Get in touch with a support group. I can't afford the cost of the one I found but I'm going to talk to my counselor on Saturday and see if she knows of any that are free, and on what days they meet since my insurance won't cover it otherwise.

Getting stable has to be a priority for those with mental illness. Being able to just get through a normal day without a problem from our illnesses is something we strive for. A walk down the street may be just another day for you but for someone with social anxiety it's like walking through a lion's den where the slightest sound may wake up a lion.

Don't turn away from those with mental illnesses. They need your support. Don't tell us to get over it. That will never happen, though we may through the use of meds be able to lead stable lives. Don't tell us it's all in our heads. One, we know that. Two, that means you don't believe us that it's an illness and that's hurtful to us.

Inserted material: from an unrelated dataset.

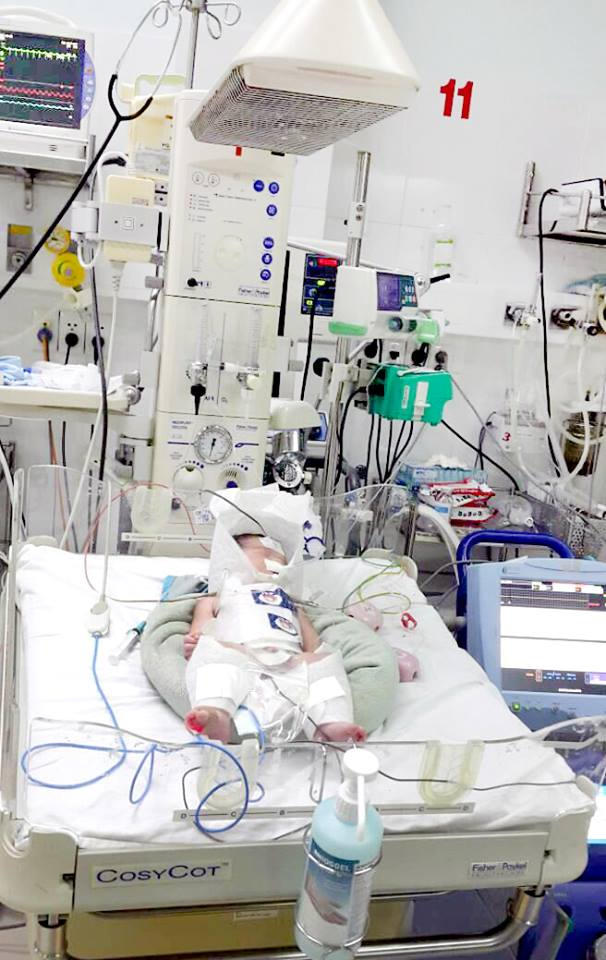 Bé trai may mắn được cứu sống. Ảnh: BVCC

Education, people. That's what it boils down to. There are some websites out there that are bad, but check out the NAMI and the DBSA websites. They have a lot of good information on mental health issues and are great resources. Read books. Ask questions of your doctor. Find the answers yourself through careful research. Don't just take anybody's word for it. Don't take mine. Do your own research.

But please don't judge us. We're not deliberately doing the things that worry/frighten/anger you. We're trying to live our lives and sometimes we just can't do it without help.

(This post brought to you by yet another friend abandoning me over this. Yes, I'm bitter. Yes, I'm hurt. Educate yourselves, people. Don't abandon others when they tell you they're mentally ill.)


  1. *huggles* My diagnosis is chronic pain, no mental illness involved--but people still have a hard time understanding it. And I did study this, so I hope I can make some kind of a difference.

    It sucks that you lost a friend over this. Really. I'll be here if you need another one. :)

    1. Thanks. I appreciate it. Yeah, I lost a friend to this. I can always use a new friend. *HUGS* I do appreciate the friends that stick with me.

  2. That's terribly sad that anyone would judge someone with any type of illness, mental or otherwise. And especially sad that anyone would turn away from a friend who has an illness of any kind. They aren't true friends if they could do such a thing.

    I've known people who were bi-polar and for someone who is to understand that they need medication and can't do it on their own is a wonderful thing that no one should ever discourage. I've seen terrible things happen when people stop taking their medication, or can't get their medication right. I love how you put it, understanding and education on these illnesses is so important. That is the best gift we can give each other, and one we owe to those we love and care about who have such illnesses.

    (((hugs))) for all you've been through and for having the strength to talk about it.

  3. Doesn't change the fact you're awesome.

    Also, as one roommate years ago pointed out, "KD, the people you get on with best are either certified or certifiable. What does that say about YOU?" and yes, she was diagnosed what was then called Multiple Personality Disorder, talking about one of my closest friends who had just told us he was bipolar (and had been hospitalized several times during manic episodes.)